_Work task:_ Lines with the word "Neuf" are the answer; copy each of them from the data below.

+++ Records

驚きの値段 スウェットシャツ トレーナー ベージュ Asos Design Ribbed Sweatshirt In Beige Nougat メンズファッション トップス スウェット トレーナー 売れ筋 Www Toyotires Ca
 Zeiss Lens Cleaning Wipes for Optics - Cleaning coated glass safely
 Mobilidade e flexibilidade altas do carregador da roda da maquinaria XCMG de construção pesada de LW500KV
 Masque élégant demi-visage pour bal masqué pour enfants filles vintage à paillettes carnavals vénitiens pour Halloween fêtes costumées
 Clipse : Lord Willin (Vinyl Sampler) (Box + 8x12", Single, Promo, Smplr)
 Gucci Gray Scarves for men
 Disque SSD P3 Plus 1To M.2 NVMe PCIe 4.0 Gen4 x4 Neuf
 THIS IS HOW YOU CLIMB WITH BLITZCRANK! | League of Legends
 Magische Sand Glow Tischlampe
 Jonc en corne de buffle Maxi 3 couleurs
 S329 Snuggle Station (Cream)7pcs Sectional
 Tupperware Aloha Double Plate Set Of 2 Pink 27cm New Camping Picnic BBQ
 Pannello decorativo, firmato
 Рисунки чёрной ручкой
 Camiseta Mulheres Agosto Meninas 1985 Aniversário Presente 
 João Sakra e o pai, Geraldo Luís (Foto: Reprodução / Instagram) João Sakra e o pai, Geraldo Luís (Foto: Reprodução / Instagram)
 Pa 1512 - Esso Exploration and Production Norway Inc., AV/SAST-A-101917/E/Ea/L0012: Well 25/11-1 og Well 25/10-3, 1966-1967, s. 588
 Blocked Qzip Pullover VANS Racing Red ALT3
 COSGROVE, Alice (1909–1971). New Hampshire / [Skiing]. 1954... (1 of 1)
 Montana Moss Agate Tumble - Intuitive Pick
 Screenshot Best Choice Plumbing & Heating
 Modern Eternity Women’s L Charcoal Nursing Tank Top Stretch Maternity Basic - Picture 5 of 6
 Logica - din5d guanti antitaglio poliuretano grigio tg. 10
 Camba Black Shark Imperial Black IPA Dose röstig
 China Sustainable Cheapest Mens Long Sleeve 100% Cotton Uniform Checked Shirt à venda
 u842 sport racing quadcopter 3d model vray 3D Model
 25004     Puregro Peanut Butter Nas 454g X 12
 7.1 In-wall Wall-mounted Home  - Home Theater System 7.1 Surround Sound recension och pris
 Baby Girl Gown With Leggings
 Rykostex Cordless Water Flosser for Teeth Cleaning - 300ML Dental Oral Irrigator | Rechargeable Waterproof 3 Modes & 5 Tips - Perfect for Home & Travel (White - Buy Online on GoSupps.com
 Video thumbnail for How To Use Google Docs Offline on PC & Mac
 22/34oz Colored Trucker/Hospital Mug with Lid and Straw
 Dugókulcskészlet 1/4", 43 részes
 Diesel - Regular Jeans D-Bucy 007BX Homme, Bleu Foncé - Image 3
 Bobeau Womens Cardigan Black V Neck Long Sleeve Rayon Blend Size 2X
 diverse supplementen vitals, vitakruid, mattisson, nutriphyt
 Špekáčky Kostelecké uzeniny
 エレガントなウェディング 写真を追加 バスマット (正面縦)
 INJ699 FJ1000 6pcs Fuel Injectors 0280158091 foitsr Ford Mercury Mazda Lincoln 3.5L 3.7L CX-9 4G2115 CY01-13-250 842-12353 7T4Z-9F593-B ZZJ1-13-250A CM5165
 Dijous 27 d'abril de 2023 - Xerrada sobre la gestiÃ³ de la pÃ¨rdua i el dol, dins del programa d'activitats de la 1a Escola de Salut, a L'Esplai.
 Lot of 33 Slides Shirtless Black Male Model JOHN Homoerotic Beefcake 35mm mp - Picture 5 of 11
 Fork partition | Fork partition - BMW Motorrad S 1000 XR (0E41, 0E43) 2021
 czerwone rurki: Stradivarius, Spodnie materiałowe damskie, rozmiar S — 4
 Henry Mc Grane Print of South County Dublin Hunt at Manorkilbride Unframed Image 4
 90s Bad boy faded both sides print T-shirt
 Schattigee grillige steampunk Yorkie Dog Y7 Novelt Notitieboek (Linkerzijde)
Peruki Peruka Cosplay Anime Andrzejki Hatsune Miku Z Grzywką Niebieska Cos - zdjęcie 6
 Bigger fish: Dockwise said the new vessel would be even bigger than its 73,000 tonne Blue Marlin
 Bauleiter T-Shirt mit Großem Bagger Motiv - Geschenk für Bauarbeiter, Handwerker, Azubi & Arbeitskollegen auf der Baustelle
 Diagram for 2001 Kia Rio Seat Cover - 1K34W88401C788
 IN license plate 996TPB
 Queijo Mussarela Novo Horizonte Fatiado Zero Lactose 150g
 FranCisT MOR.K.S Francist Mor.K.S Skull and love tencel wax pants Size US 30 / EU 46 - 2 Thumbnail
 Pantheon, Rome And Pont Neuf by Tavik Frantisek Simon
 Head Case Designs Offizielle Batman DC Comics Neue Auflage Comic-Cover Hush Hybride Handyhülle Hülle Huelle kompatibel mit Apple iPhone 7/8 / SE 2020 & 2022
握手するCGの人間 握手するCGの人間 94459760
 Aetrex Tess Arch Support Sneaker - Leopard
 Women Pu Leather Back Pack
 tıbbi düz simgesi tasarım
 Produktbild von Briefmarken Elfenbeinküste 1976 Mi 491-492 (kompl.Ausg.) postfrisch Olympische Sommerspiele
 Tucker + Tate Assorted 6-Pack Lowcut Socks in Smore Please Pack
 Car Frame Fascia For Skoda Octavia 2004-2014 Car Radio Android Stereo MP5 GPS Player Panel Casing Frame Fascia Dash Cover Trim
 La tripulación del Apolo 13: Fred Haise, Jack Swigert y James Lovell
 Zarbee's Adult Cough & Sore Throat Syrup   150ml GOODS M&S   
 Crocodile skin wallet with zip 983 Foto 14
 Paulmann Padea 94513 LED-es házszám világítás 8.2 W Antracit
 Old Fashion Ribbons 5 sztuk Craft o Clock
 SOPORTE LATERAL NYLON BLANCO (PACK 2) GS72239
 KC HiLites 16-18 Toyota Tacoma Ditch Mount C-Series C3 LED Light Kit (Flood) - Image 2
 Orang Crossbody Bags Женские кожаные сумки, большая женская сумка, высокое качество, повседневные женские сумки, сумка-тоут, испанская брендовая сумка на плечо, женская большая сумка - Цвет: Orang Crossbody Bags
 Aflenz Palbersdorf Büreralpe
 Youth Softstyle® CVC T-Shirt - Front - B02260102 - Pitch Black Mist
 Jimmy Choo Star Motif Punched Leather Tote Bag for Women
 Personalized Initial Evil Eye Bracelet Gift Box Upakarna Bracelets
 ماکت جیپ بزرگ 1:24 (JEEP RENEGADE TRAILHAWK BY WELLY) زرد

++++++

_Output of the exercise:_
 Disque SSD P3 Plus 1To M.2 NVMe PCIe 4.0 Gen4 x4 Neuf
 Pantheon, Rome And Pont Neuf by Tavik Frantisek Simon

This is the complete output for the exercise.